I suspect what is really happening is that the coalition that was largely unsuccessful in the 2019 council elections thinks an at-large system would benefit them electorally. There is plenty of historical evidence that could be the case. However, even that assumption is likely wrong. What is actually happening is millennial and Gen Z voters are organized and turning out in higher numbers.

Millennial and Gen Z voters are extremely progressive. A Pew study from January of last year indicates that both groups overwhelmingly believe in confronting the exigent threat of climate change, urgently organizing for racial equity, and boldly doing so through the power of government action. These politics have been shaped by decades of stagnation in wages and benefits, unpaid internships, student debt, barriers to home ownership, and rising rents. Another recent Pew study ominously found that a majority of Americans age 18-29 now live with their parents, more than any time since the Great Depression. 

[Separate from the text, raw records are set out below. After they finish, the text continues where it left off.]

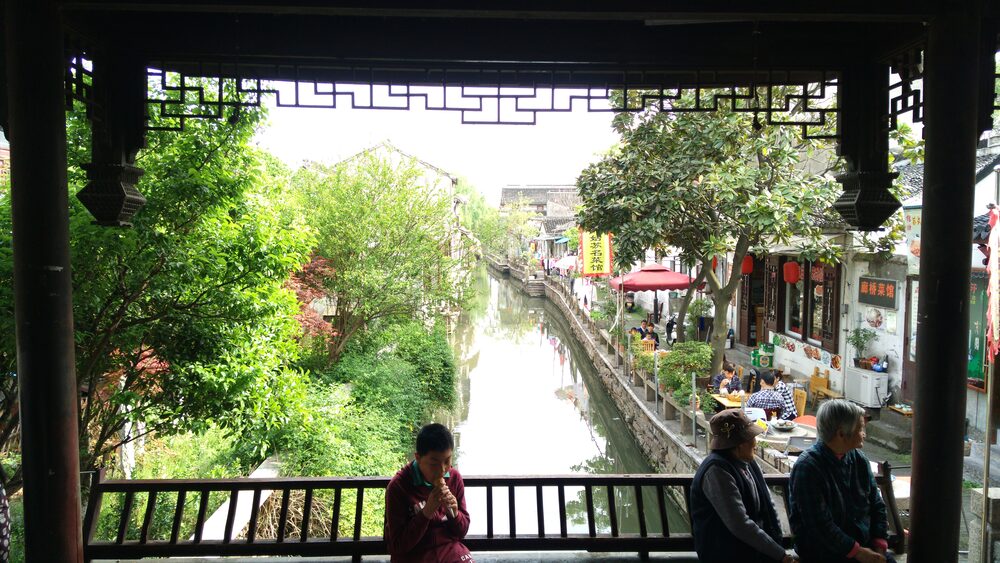 View down a Suzhou canal from under a covered bridge on Pingjiang Road, shops and trees on both banks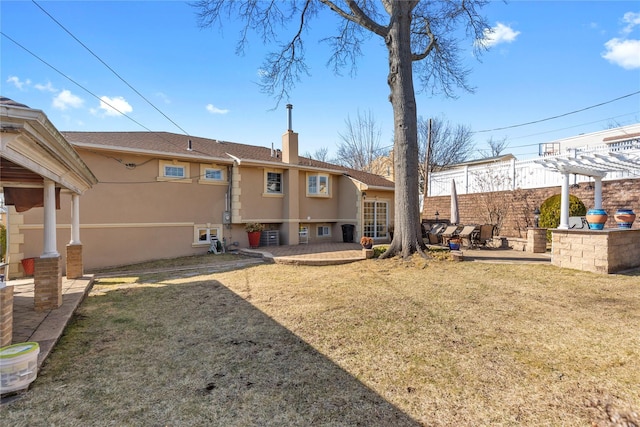 back of house with a chimney, stucco siding, a lawn, a patio area, and a pergola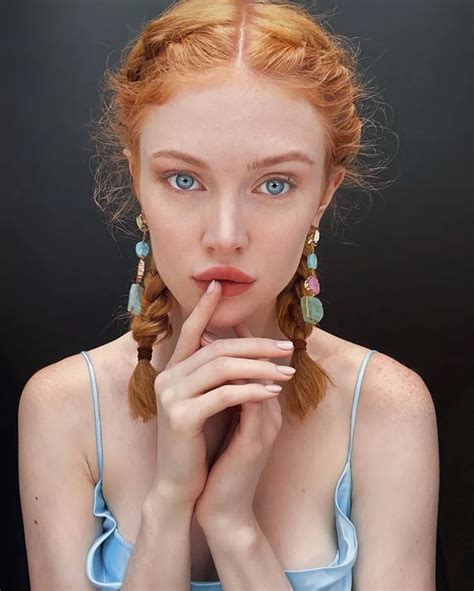 A Woman With Red Hair And Blue Eyes Is Posing For The Camera While Holding Her Finger To Her Mouth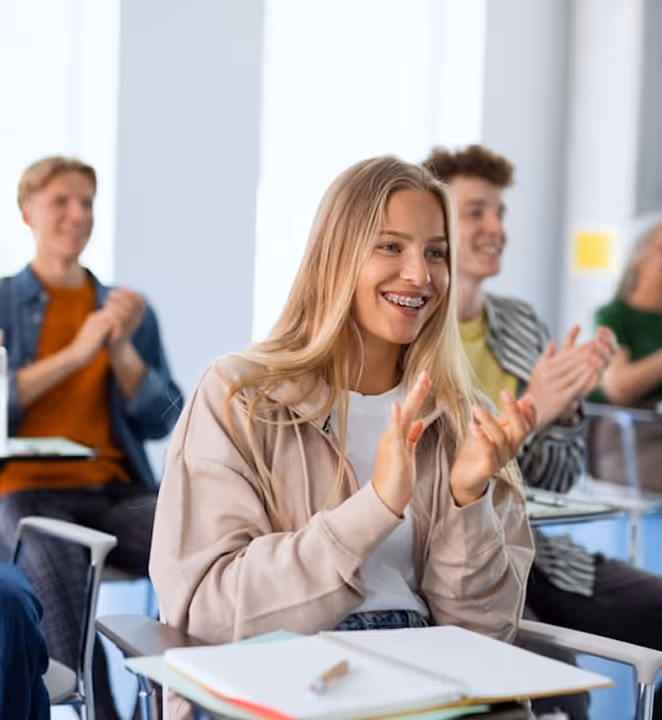 Jeune femme souriante applaudissant en classe avec d'autres étudiants flous en arrière-plan.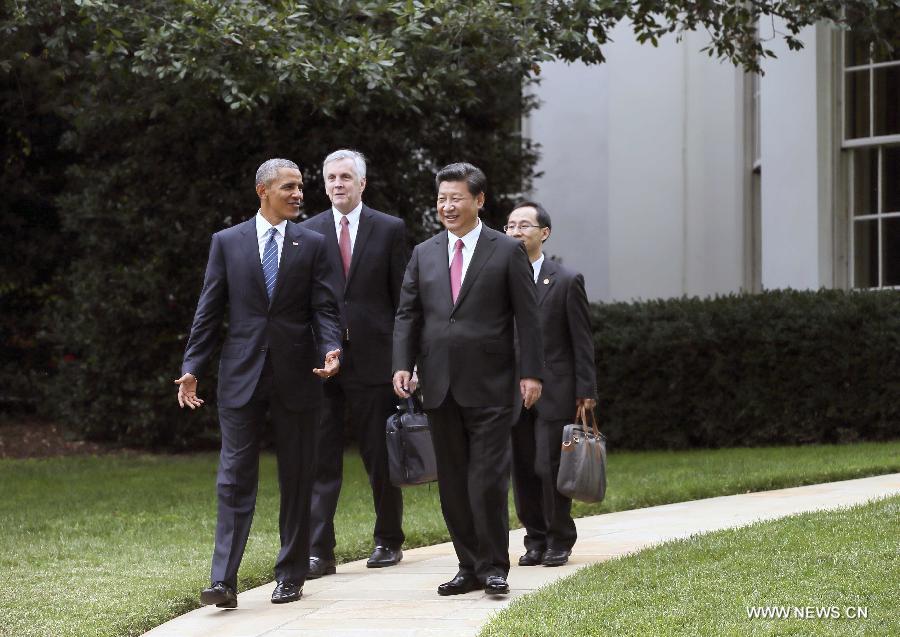 Вашингтон, 26 сентября /Синьхуа/ -- В пятницу председатель КНР Си Цзиньпин и президент США Барак Обама провели встречу, по окончании которой они совместно встретились с журналистами. 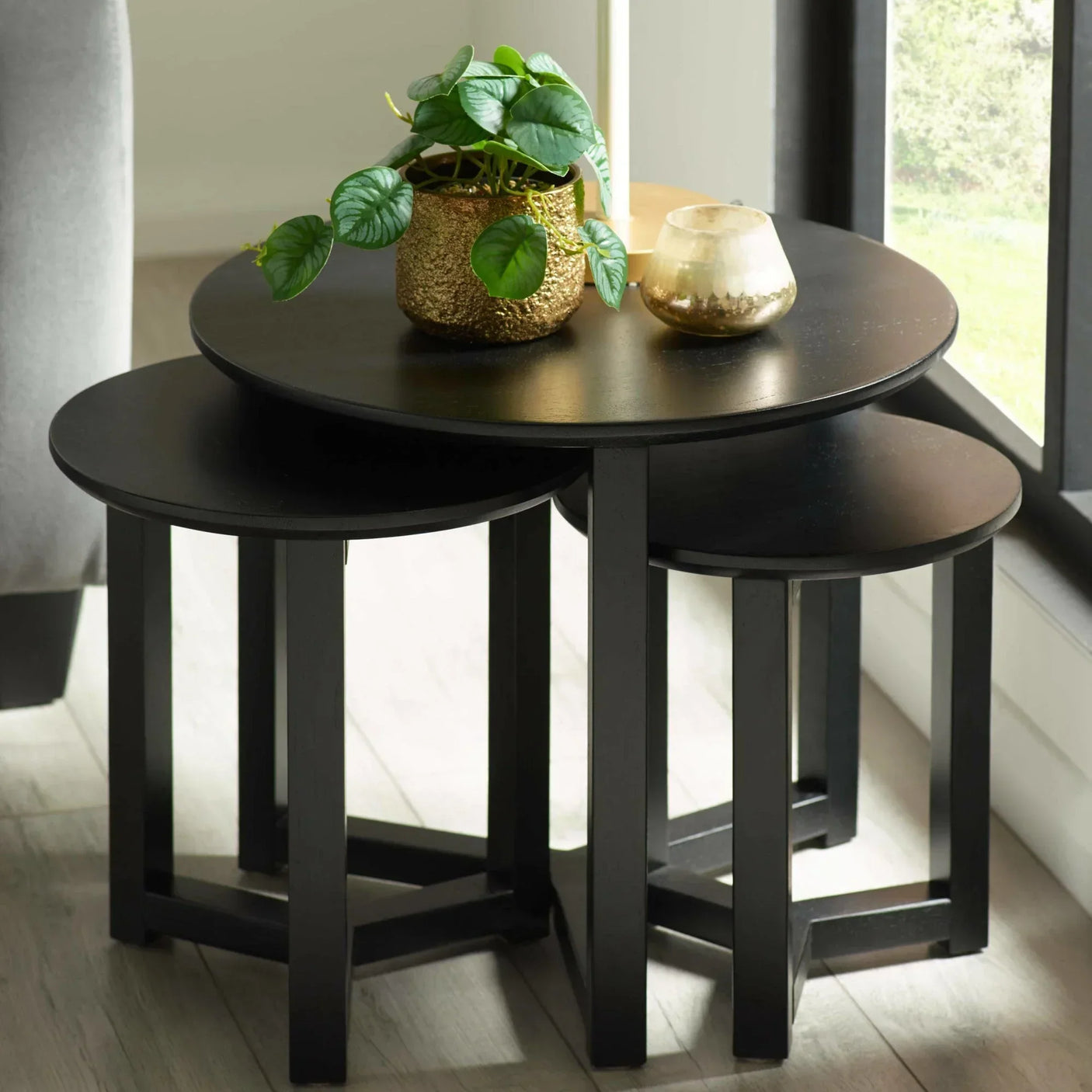 Black wooden nest of tables with gold plant pot and candle in bright living room corner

Seattle is a millennial and Gen Z city. The average age in Seattle is 35 (and 54 percent of Seattleites are renters), and they are voting. In 2019, when there was no mayoral election leading the local ballot, total turnout for Seattle elections was 42.01 percent in the primary and 54.5 percent in the general election, besting the 2017 mayoral election, with turnout of 40.5 percent and 49.2 percent respectively. 

And as Crosscut reported last year, a lot of that increase was due to higher than usual turnout from younger voters. It is unsurprising Seattle voters have elected millennial politicians in droves in the last few years, including County Councilmember Girmay Zahilay, Senator Joe Nguyen, Port Commissioner Sam Cho, School Board Director Zach DeWolf, and Seattle City Council members Dan Strauss and me. 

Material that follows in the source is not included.